The Blues were up two games to none on the defending Stanley Cup-champion Los Angeles Kings in the 2013 Western Conference quarter-finals and were starting feeling pretty good about themselves.
"We were kind of like: 'OK, this is good. We're playing well, everything's rolling good,'" defenceman Ian Cole recalled. "Then to come back and lose four straight like that, you lose one, you lose two and you start thinking, 'Holy crap, what's going on?'"
Suddenly the Blues were done and left to watch the Kings reach the conference final. With his team again a Stanley Cup contender, general manager Doug Armstrong hopes St. Louis makes the most of that memory.
"I think we went to the school of hard knocks last year losing to L.A. the way we did," Armstrong said during the Blues' visit to Toronto. "I think we saw that L.A., as the defending champion, they knew how to go to a different gear. ... They showed the character of a champion. I believe our players learned something from that."
Different players may have learned different things. For captain David Backes, the aftermath of the six-game elimination provided a bad juxtaposition while watching the Kings go far or the Chicago Blackhawks win the Cup.
"They're getting their ultimate dream, their goal accomplished, and we're sitting here working on our four-irons at the driving range," Backes said. "That's something that really fuels the fire inside you."
The fuel is burning now for the Blues, who are forced to again open against the defending Cup champion, now the Blackhawks, after missing out on not only the Presidents' Trophy but the Central Division title and one of the West's top two spots.
Losing six in a row was so rare for St. Louis because it hadn't lose more than two in a row all season. Defenceman Alex Pietrangelo said that was a product of consistency.
It's also one thing the Blues learned from dropping four straight to the Kings in last year's playoffs.
"We learned how hard it is to win, and it's not always going to be pretty, it's not always going to be the perfect game, but I think this year we've gotten into those situations where it might not be our best game and we're tied or we're down by a goal and we just find ways to win," Pietrangelo said. "That's something to take a lot of pride in."
These Blues also take a lot of pride in their balance. They have 11 players with 30-plus points, led by Alex Steen's 62 and then T.J. Oshie's 60.
"I think one of our greatest strengths might be our greatest weakness is we're the sum of all the parts and we have no alpha male," Armstrong said. "When we have an injury, our team is what makes us successful."
Lately the Blues haven't been so successful, but the injured Oshie, Backes and Vladimir Sobotka could all be back for Game 1 on Thursday in St. Louis. Despite a recent swoon, having that full complement back in addition to Pietrangelo, Jay Bouwmeester and Kevin Shattenkirk on defence and Ryan Miller in goal makes coach Ken Hitchcock's group a legitimate championship contender.
Last year's exit can only help now, in Bouwmeester's eyes.

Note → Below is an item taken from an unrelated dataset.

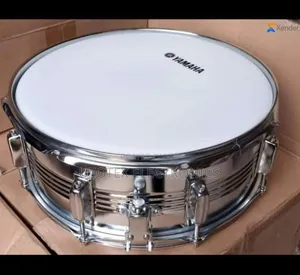 Yamaha Snare Drum With Accessories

"It's experience," he said. "You go through those playoff rounds against good teams, and now this year I think the expectations are higher."
Finishing behind the Colorado Avalanche in the Central and also behind the Anaheim Ducks in the West may have tempered expectations that were sky high not too long ago. While they were cruising along, Bouwmeester said he and his teammates were just working "with the obvious goal in mind."
To reach that obvious goal, the Blues realize they must win 16 games, not just two. Even four would be a start, and the Kings could be a template.
"When they lost the first two games, there was no sense of panic in their organization, no sense from their coach or their manager and more importantly their players," Armstrong said. "They just believed in themselves, they believed in (goaltender Jonathan) Quick and they had a steady, workmanlike approach."
Workmanlike describes what the Blues want to be under Hitchcock, whose focus hasn't been on his team's lack of scoring but what it can do while short-handed.
"I've seen a lot of (teams) do really well who have had bad power plays do really well in the playoffs, but I've never seen any team play worth a damn if you can't kill penalties," he said. "It's more on can you kill the penalty at the right time because you can live with poor power plays and still win hockey games. But you can't survive if you can't kill penalties."
St. Louis also won't survive beyond the Central Division semifinals if it can't find that extra gear. Armstrong hopes that's the case this time around.
"I thought we could've found it last year, too," he said. "But you don't know until you get into the competition."